In television broadcasts, scenes with "...clothes showing cleavage, a man's bare chest, weapons pointed at people, consumption of alcohol and even the bottom of a shoe (because showing your heel in Thailand is considered rude) are all obscured..." If a Thai TV show is broadcast overseas the blurs will most likely be omitted. As in all media, criticism of the king is not allowed.

After the military coup of September 2006, the junta sent tanks and troops to secure all television stations. Junta leaders demanded the censorship of news reports and opinion polls as they might portray the military negatively. Thai television broadcasters did not air footage of demonstrations against the coup.
Local cable broadcasts of CNN, BBC, CNBC, NHK, and several other foreign news channels were censored, with footage showing former Premier Thaksin blacked out.

The nine members of the board of directors of MCOT, a privatized state-owned media company, resigned on 26 September to take responsibility for allowing Thaksin Shinwatra to address the nation on MCOT-controlled Modernine TV (Channel 9). Seven months after the coup, in an editorial, the Bangkok Post reported that military censorship of broadcast media was tighter than at any time in the past 15 years.

In November 2006, an interview with Nuamthong Phaiwan, a taxi driver who drove his taxi into a tank to protest the coup, was broadcast by iTV. The broadcast came to an abrupt end after the director of army-owned Channel 5 made a threatening telephone call. Although the station was already occupied by the military, an additional 20 soldiers were dispatched to the station. The junta also sent a letter to the six public TV channels summoning their news editors for instruction on "constructive reporting for peace of the nation."

Also in November 2006, the military junta cancelled the most popular program on MCOT's Modernine TV, Khui Khui Khao. The anti-Thaksin movement, which had seized power in a military coup, claimed the program's host, prominent Thai political commentator Sorrayuth Suthassanachinda, was a supporter of the overthrown premier.

In May 2014, the military junta interrupted a talk show, where a political science professor was discussing the Thai Army's declaration of martial law. The show was interrupted to broadcast "Order No. 9" from the Peace and Order Maintaining Command. The order banned media from interviewing academics who could incite conflict. Also, censorship was extended into social media. Newspapers were warned not to publish anything that could cause unrest. Some academics were ordered by regional commanders not to comment on the political situation.

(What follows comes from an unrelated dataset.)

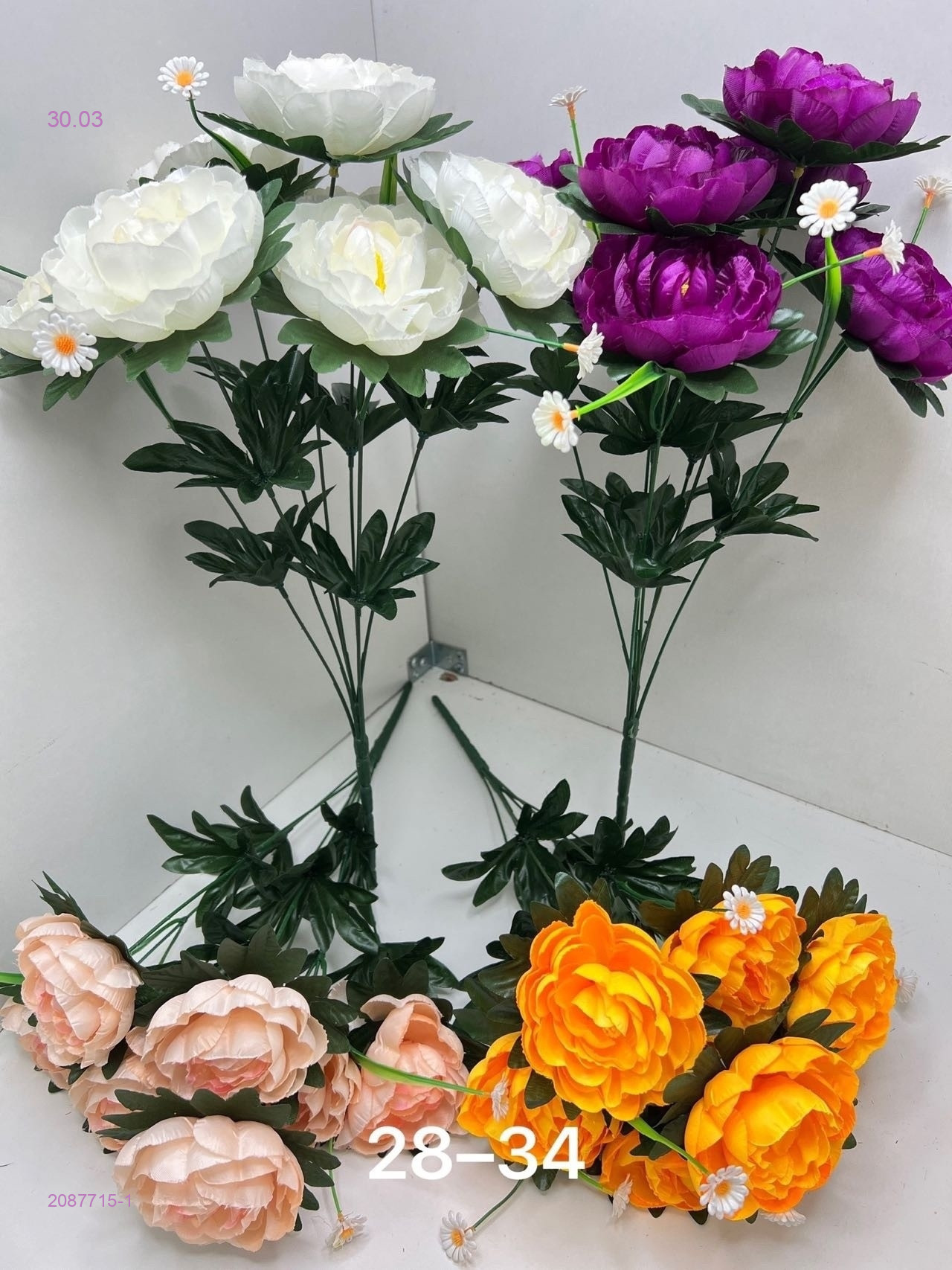 Искусственные цветы 2087715-1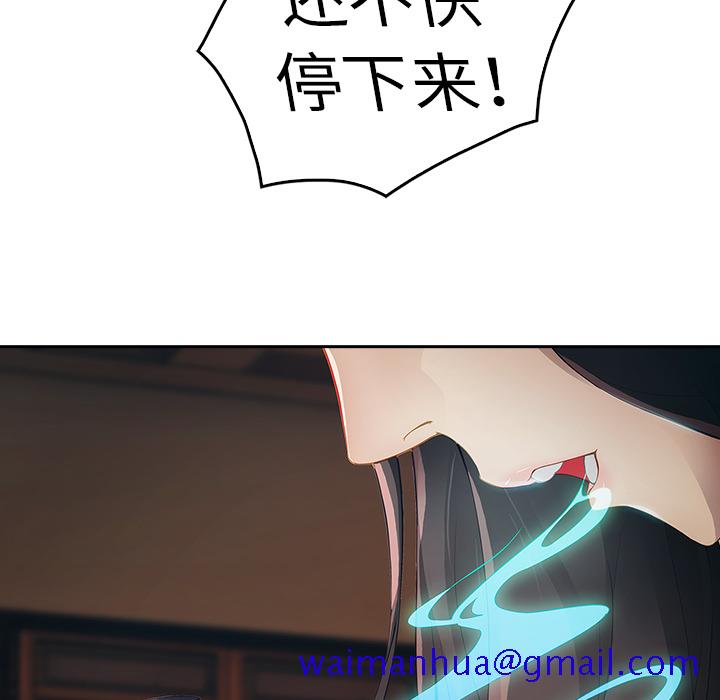 梦蝶[h漫]韩漫全集-梦蝶-第 1 章无删减无遮挡章节图片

In November 2014, the military junta pressured Thai PBS to drop a talk show that "discussed dissatisfaction with the 22 May coup." At least four colonels visited Thai PBS headquarters in Bangkok and instructed the station's directors to stop the broadcast of a talk show in which the host, Nattaya Wawweerakhup, asked villagers and activists for their opinions on the junta's reform process. The host, Nattaya, was removed from the show altogether.

=== Radio ===

Radio stations in Thailand must be government licensed and have traditionally been operated primarily by the government and military. Ownership of radio outlets by government, military, and quasi-government entities have often undermined freedom of the media.

In May 1993, the military shut down an army-owned radio station leased to a private news group for three days after the station ran a commentary critical of the armed forces.
More recently, in March 2003 the Independent News Network (INN) radio broadcast was temporarily cancelled after the network aired a cabinet member's criticisms of the government. In response to public protests, the government restored the broadcast and claimed that INN's failure to renew their broadcast license was the reason for the temporary closure.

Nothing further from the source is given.